The appellant, Rosanna Small, testifies to the existence of the mortgage and to the indebtedness. The answer alleges payment, and the testimony of Joseph N. Small is, in effect, that he employed counsel to obtain the money to pay off the mortgage and that the answer was filed merely to hold the matter in abeyance until the money could be obtained. There is a suggestion in the Brief of Counsel that the sums paid for taxes and insurance were excessive and that a portion of these amounts should have been applied to *508 the mortgage notes, but no testimony was offered in support of this contention. There is no fraud charged, no contention that the sale was not fairly conducted or that the property did not bring a fair price. When the question is one involving the exercise of discretion of the lower Court, as in this case, this Court will not disturb a Decree except in the interest of justice and to serve some useful purpose.

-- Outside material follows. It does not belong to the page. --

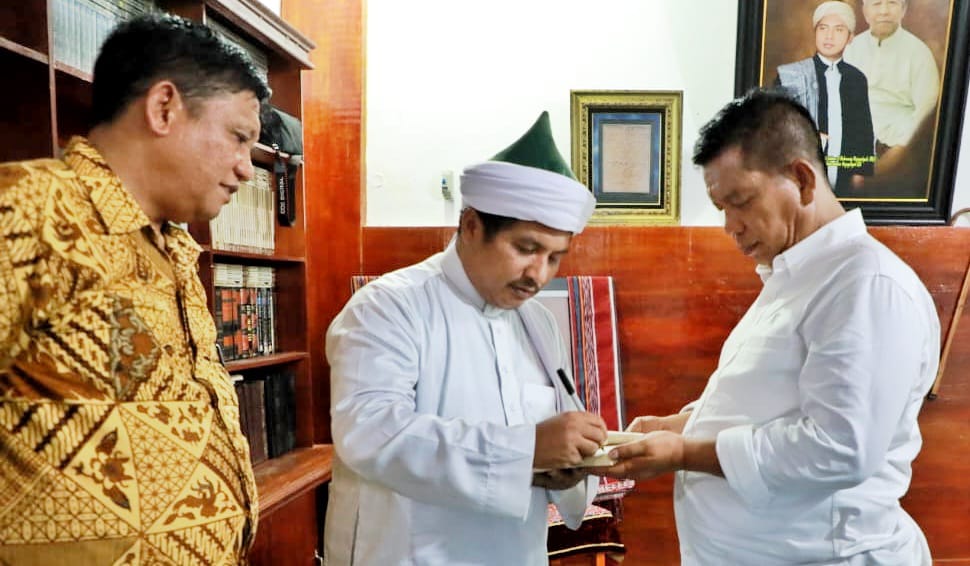 Bupati Ajak Alim Ulama Bersama Bangun Simalungun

"The grounds on which a decree may be modified, opened or vacated on motion or petition depend, first, on the status of the cause, with reference to whether enrollment or its equivalent has taken place. Otherwise, the application is addressed to the discretion of the Court. In the exercise of this discretion the court will not disturb a decree except in the interest of justice and to serve some useful purpose."

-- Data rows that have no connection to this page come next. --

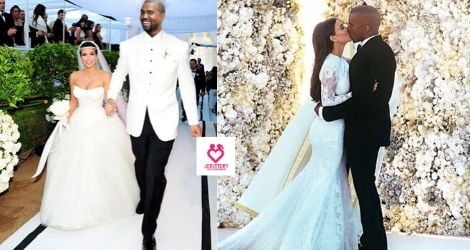 Kim kardashian & Kanye west love story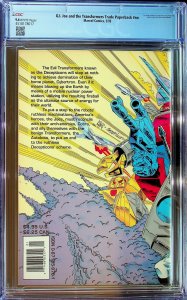 G.I. Joe and the Transformers Trade Paperback - CGC 9.4 - Cert#4518178017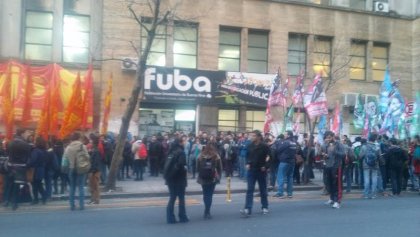 ¿Se viene la FUBA del Pacto Social con la UJS-PO adentro?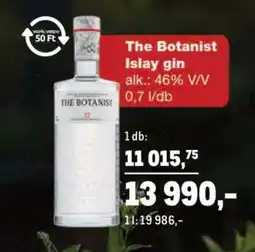 Metro The Botanist Islay gin ajánlat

21 Corpus Juris, page 715.

"A judgment may be affirmed on appeal, although it is infected with error, if it is apparent that a reversal would prove ineffectual and of no benefit to the party asking it."

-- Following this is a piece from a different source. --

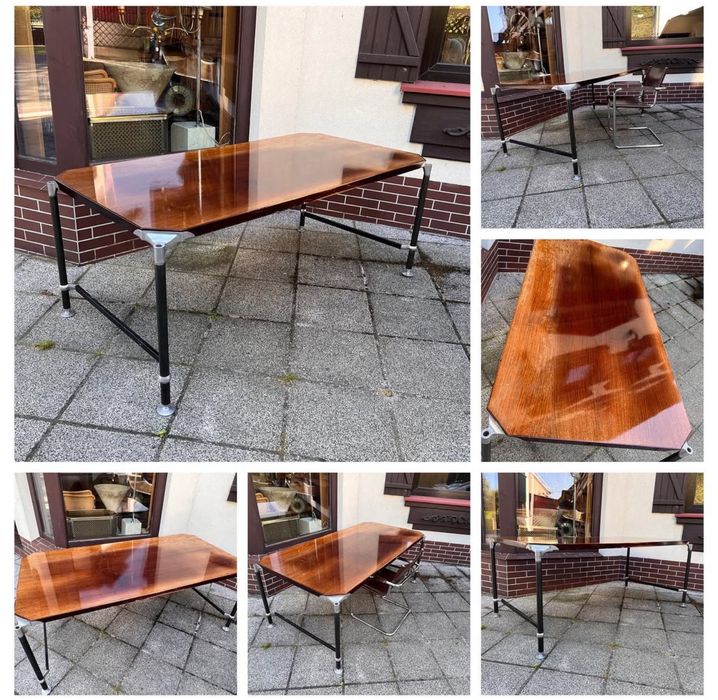 Biurko Ico & Luiza Parisi dla MIM Roma, Włochy lata 60-te. Mid century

4 Corpus Juris, page 1134.

"Notwithstanding an irregularity in the proceedings in the lower Court, the judgment may be affirmed where, by reason of the happening of subsequent events, no real controversy any longer exists between the parties."

A new trial would be of no advantage to Appellants or Plaintiffs in Error.

4 Corpus Juris, page 1135.

In Dibble v. Truluck, this court said: "The general rule is that the decision of the court below is presumed to be correct, unless the contrary appears, and an appellate court will not reverse or disturb a judgment of the court below unless there be something in the record to show that the court has committed an error in some material point by *509 which justice and wrong has been done to the party appealing.

Dibble v. Truluck, II Fla., p. 140.

Cause affirmed, with direction that the Deficiency Decree be credited with the sum of $86.00.






Addendum

The record in this cause having been considered by this Court, and the foregoing opinion prepared under Chapter 7837, Acts of 1919, adopted by the Court as its opinion, it is considered, ordered and adjudged by the Court that the decree of the Circuit Court in this cause should be, and the same is hereby, affirmed.

BROWN, C. J., AND WHITFIELD, ELLIS, TERRELL, STRUM AND BUFORD, J. J., concur.